Exercise directions: Write out again, word for word, the lines below from the line that holds "DEXI Ultra Thin" through the line that holds "Women'S Knitted Stiletto", omitting pictures.

────────

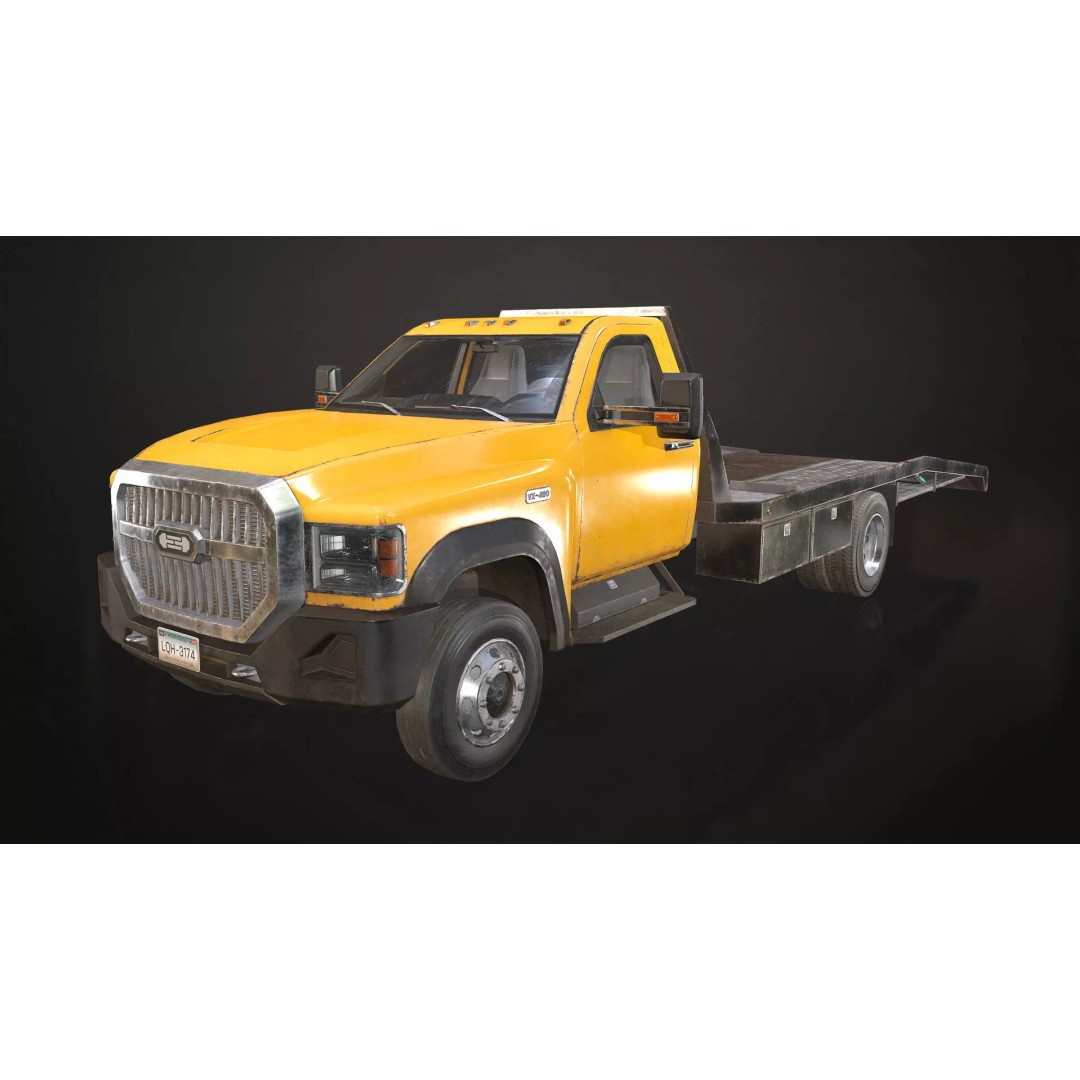 Medium Duty Truck VX400 3D Model – Realistic Car Hauler, Game-Ready, FBX - View 5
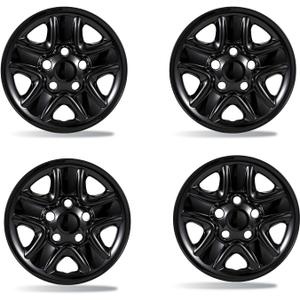 18 Wheel Covers for Toyota Tundra 2007-2021 | 4-Pack Precision Fit ABS Hubcaps | OEM Style Replacement | Rust-Proof Wheel Skins (Gloss Black)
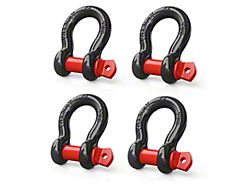 5/8-Inch D-Ring Shackles; 4-Pack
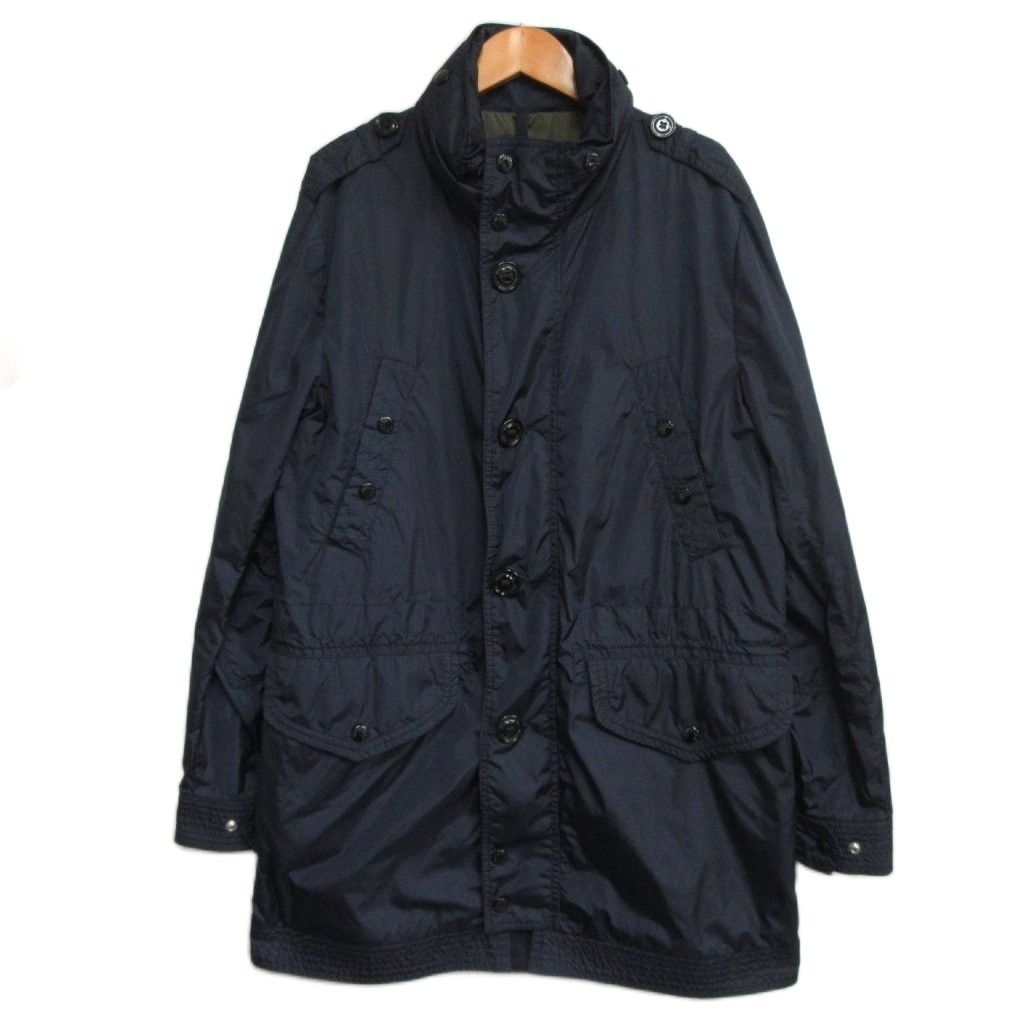 【中古】モンクレール MONCLER 美品 ARROS ARSAN ナイロン ステンカラーコート スプリングコート ネイビー 1 ■MNK2 モンクレール MONCLER 美品 ARROS ARSAN ナイロン ステンカラーコート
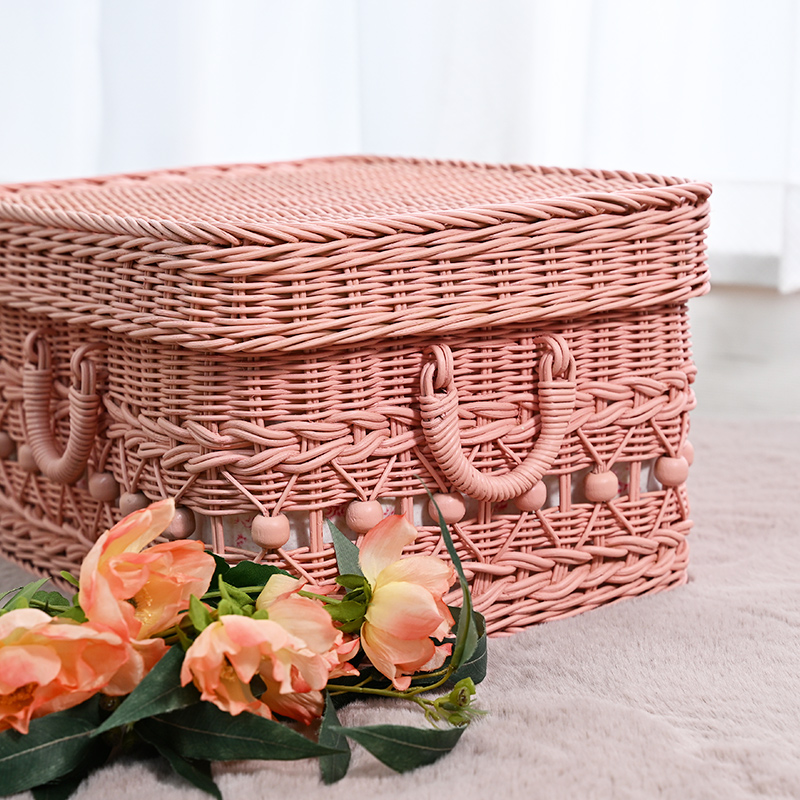 希少】 ビッグサイズ ラタンバスケット かご ピンク 昭和レトロ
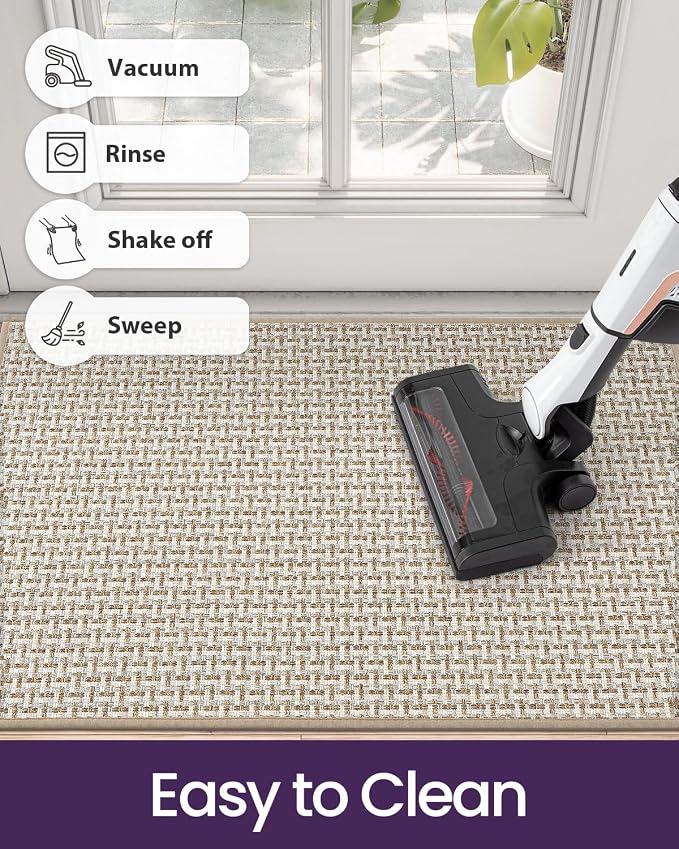 DEXI Ultra Thin Door Mat Indoor Entrance 17x30, Non Slip Rubber Backed Entryway - Image 7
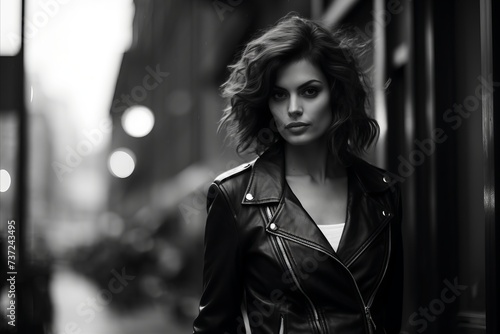 Beautiful young woman in a leather jacket on a city street.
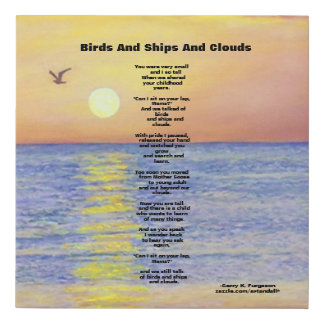 BIRDS AND SHIPS AND CLOUDS FAUX WRAPPED CANVAS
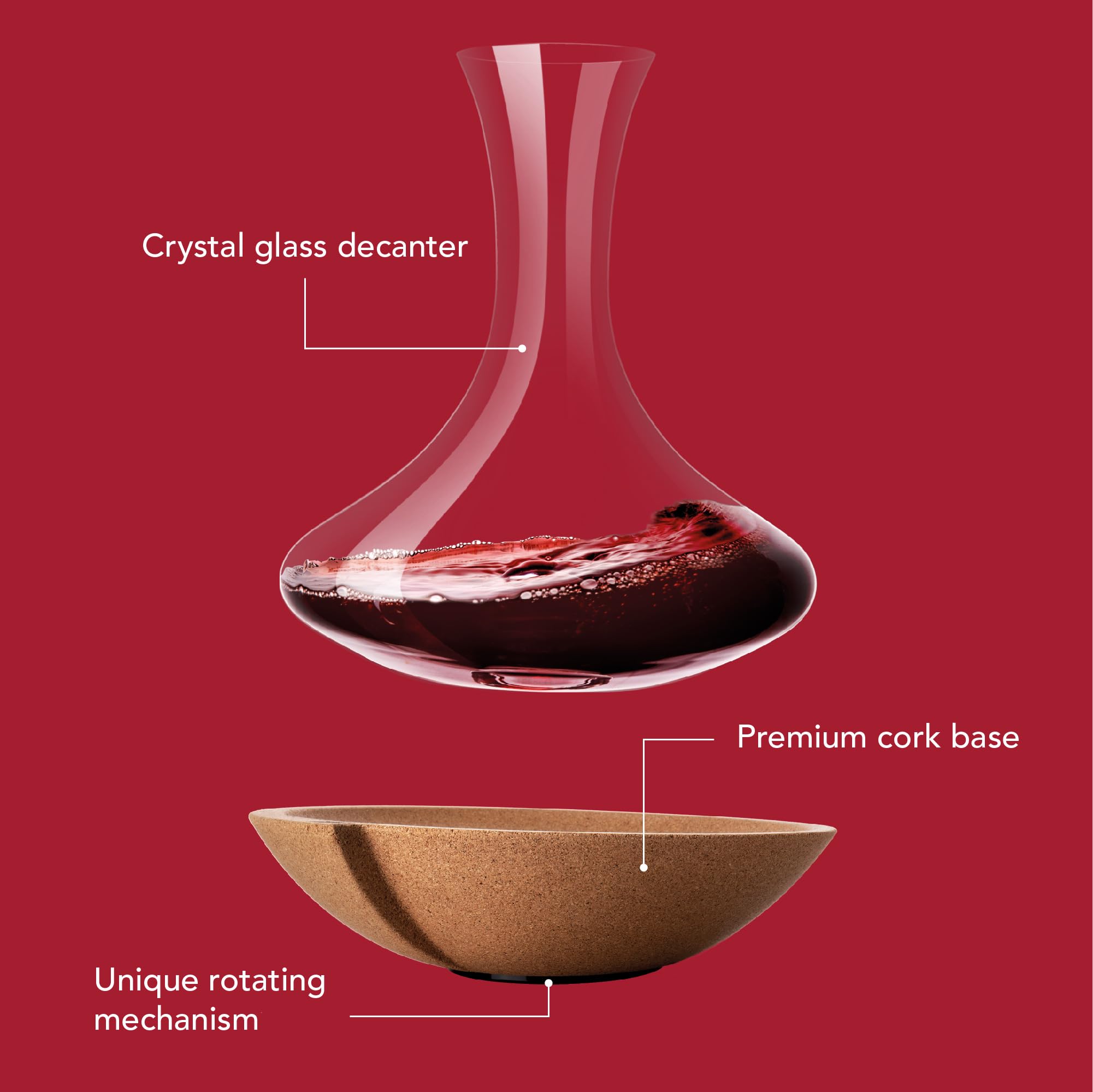 Vacu Vin Swirling Wine Decanter – Rotating Wine Aerator Carafe with Swirl Base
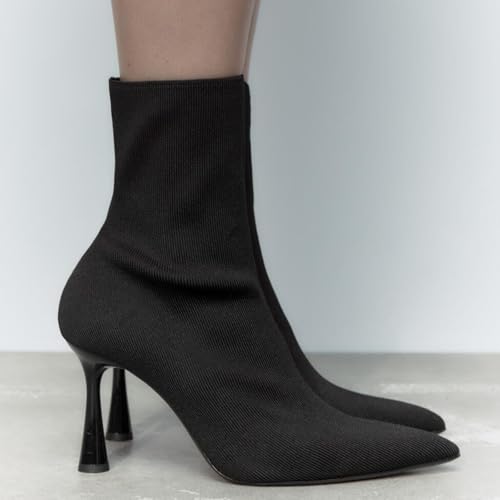 Women'S Knitted Stiletto Pull On Socks Boots Sexy Pointed Toe Breathable Low Heel Non-Slip Party Dating Casual Short Boots4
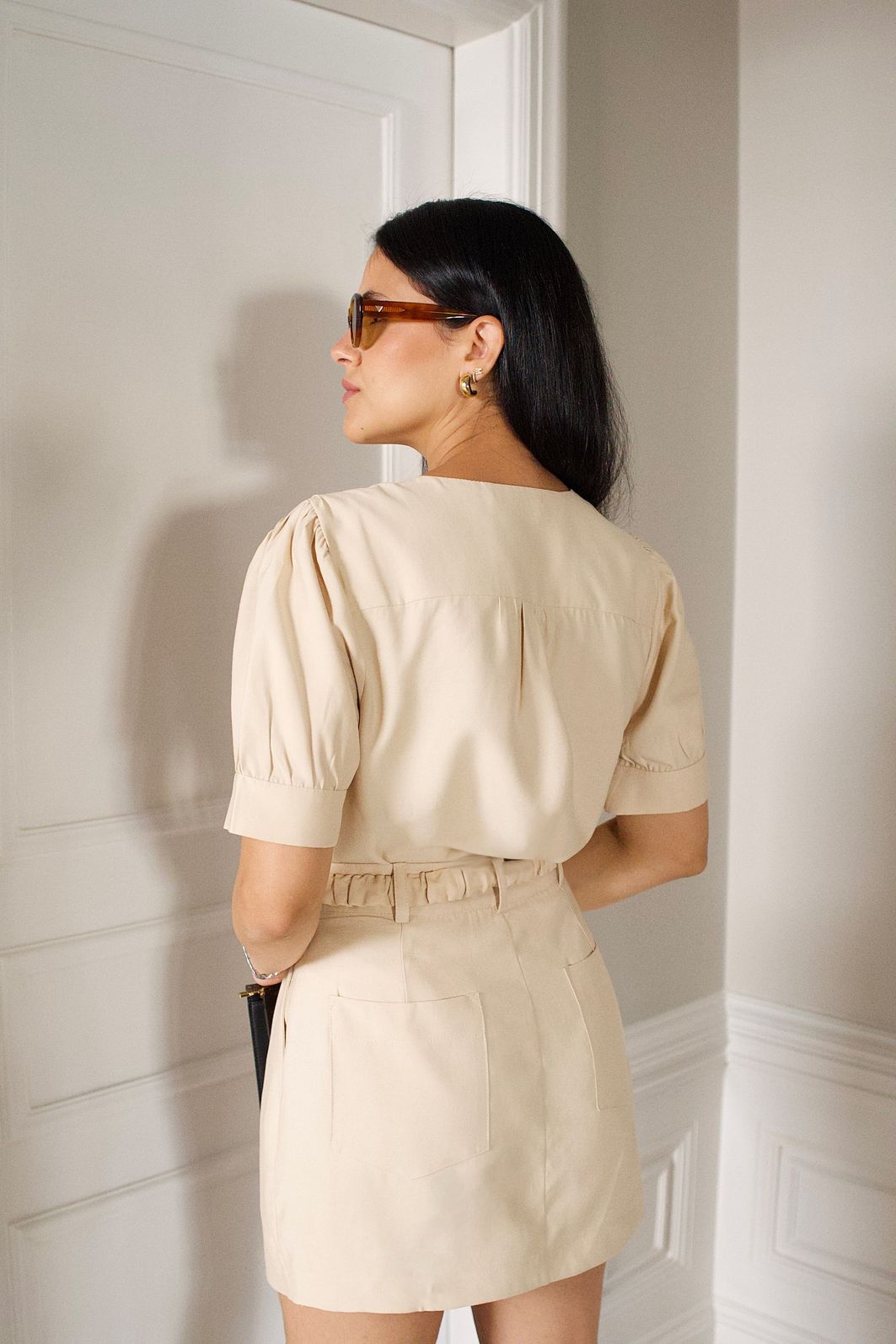 Saia Bolso Twill Cinto Fivela - Milalai Saia Bolso Twill Cinto Fivela - Milalai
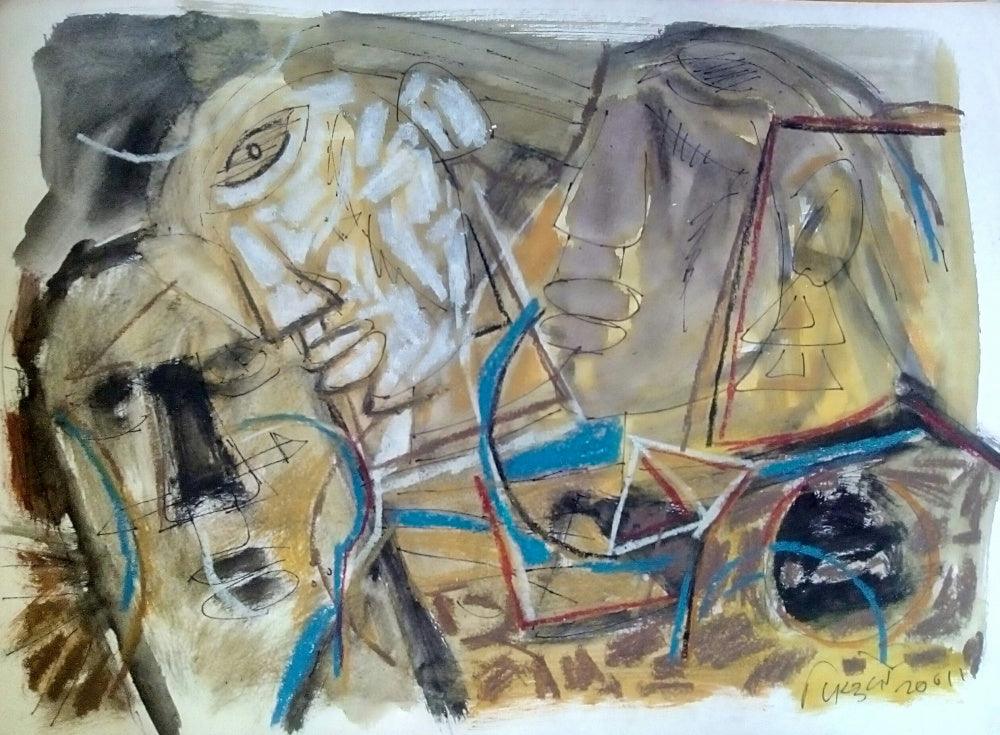 Abstract mixed media painting titled 'Abstract 1', 15x11 inches, by artist Jitendra Suralkar on Paper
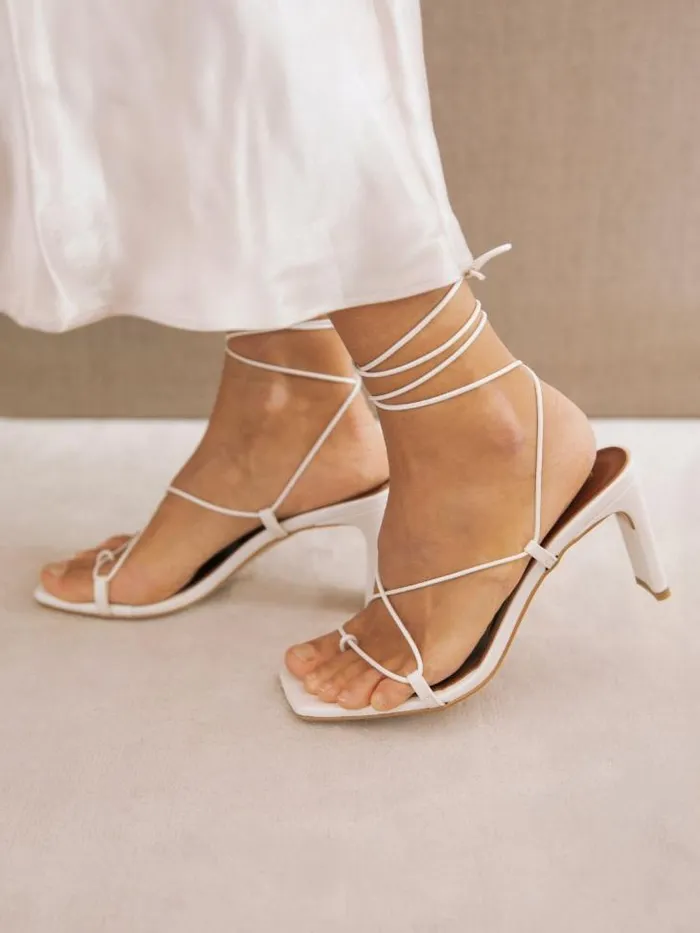 ALOHAS Sandals Women Bellini 8211 White Leather Sandals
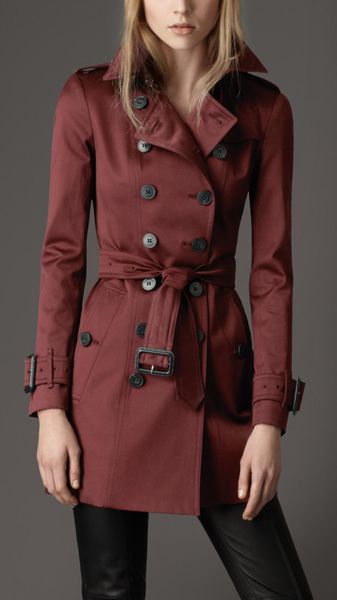 Burberry Midlength Cotton Blend Trench Coat - Lyst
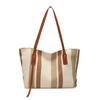 2026 Bolso de Lona de Gran Capacidad para Viajes Diarios, Bolso Tote de Hombro de Moda Tendencia, Bolso de Mano Vertical Casual con Rayas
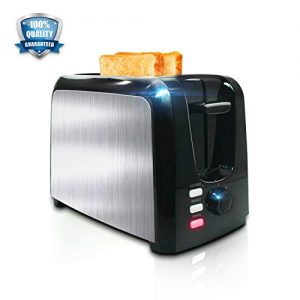 Toaster Toasts Evenly And Quickly│2 Slice Toaster With Bagel Defrost Cancel Function│Compact Black Stainless Steel Toasters 2 Slice Best Rated Prime Top With 7 Shade Bread Setting, Extra Wide Slot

────────

Solution to the exercise:
 DEXI Ultra Thin Door Mat Indoor Entrance 17x30, Non Slip Rubber Backed Entryway - Image 7
 Beautiful young woman in a leather jacket on a city street.
 BIRDS AND SHIPS AND CLOUDS FAUX WRAPPED CANVAS
 Vacu Vin Swirling Wine Decanter – Rotating Wine Aerator Carafe with Swirl Base
 Women'S Knitted Stiletto Pull On Socks Boots Sexy Pointed Toe Breathable Low Heel Non-Slip Party Dating Casual Short Boots4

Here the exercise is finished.